(PROVIDED MATERIAL)
● ● ● ● ●

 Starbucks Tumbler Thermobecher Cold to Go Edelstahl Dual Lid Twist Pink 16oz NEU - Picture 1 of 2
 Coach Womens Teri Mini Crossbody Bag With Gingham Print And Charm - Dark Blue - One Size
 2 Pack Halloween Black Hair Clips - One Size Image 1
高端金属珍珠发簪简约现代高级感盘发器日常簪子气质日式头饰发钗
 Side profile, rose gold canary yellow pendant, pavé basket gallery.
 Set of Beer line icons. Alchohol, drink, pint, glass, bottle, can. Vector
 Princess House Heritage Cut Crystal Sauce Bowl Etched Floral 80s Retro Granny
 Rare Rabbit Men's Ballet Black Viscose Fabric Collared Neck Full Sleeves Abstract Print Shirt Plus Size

● ● ● ● ●

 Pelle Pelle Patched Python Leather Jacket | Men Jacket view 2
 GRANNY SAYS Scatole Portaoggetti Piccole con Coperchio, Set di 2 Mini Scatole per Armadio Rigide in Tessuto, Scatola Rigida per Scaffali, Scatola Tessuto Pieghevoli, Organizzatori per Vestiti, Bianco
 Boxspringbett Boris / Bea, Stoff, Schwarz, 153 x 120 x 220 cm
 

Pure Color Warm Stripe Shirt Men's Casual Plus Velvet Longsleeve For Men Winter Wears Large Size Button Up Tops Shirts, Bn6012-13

● ● ● ● ●

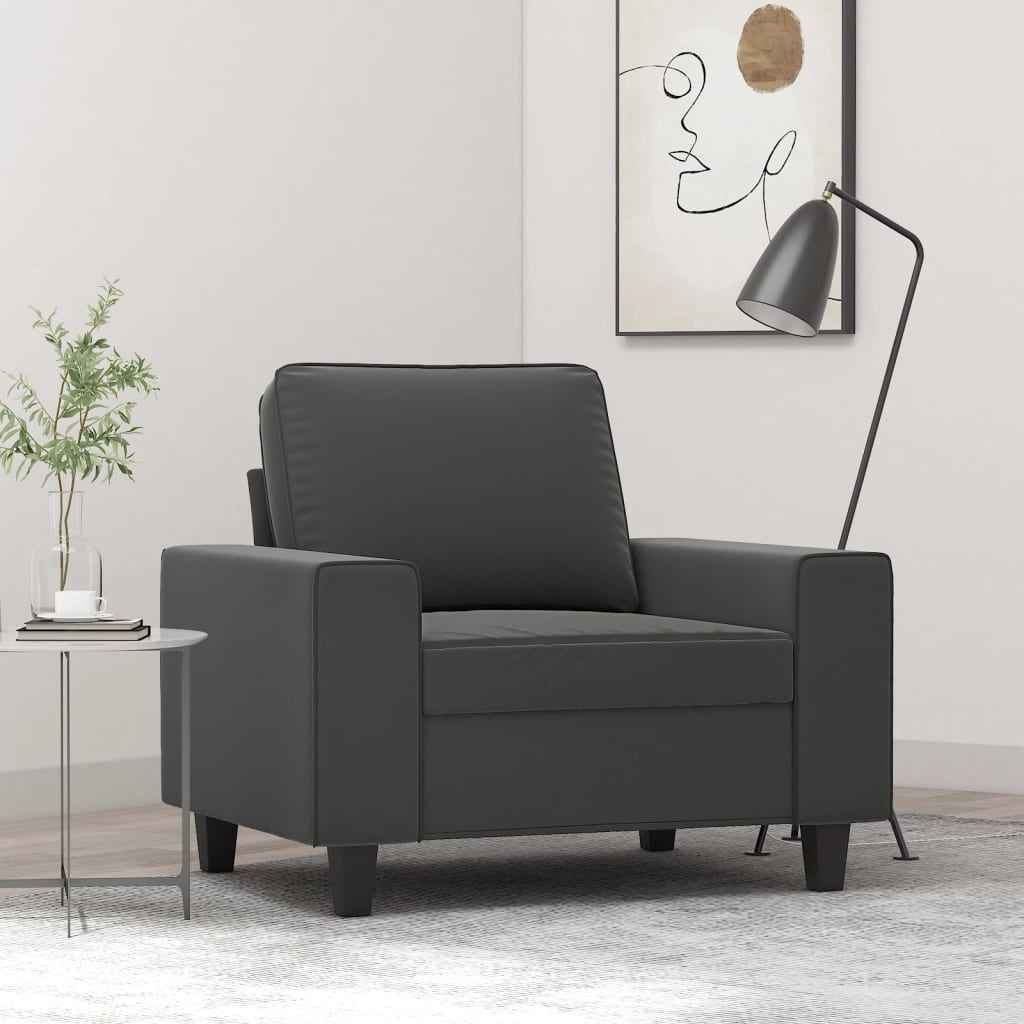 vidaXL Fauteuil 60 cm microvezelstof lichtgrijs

● ● ● ● ●

(EXERCISE DETAILS) Would you please return all lines from the listing above that contain "Plus"?

(SOLUTION)
 Rare Rabbit Men's Ballet Black Viscose Fabric Collared Neck Full Sleeves Abstract Print Shirt Plus Size
Pure Color Warm Stripe Shirt Men's Casual Plus Velvet Longsleeve For Men Winter Wears Large Size Button Up Tops Shirts, Bn6012-13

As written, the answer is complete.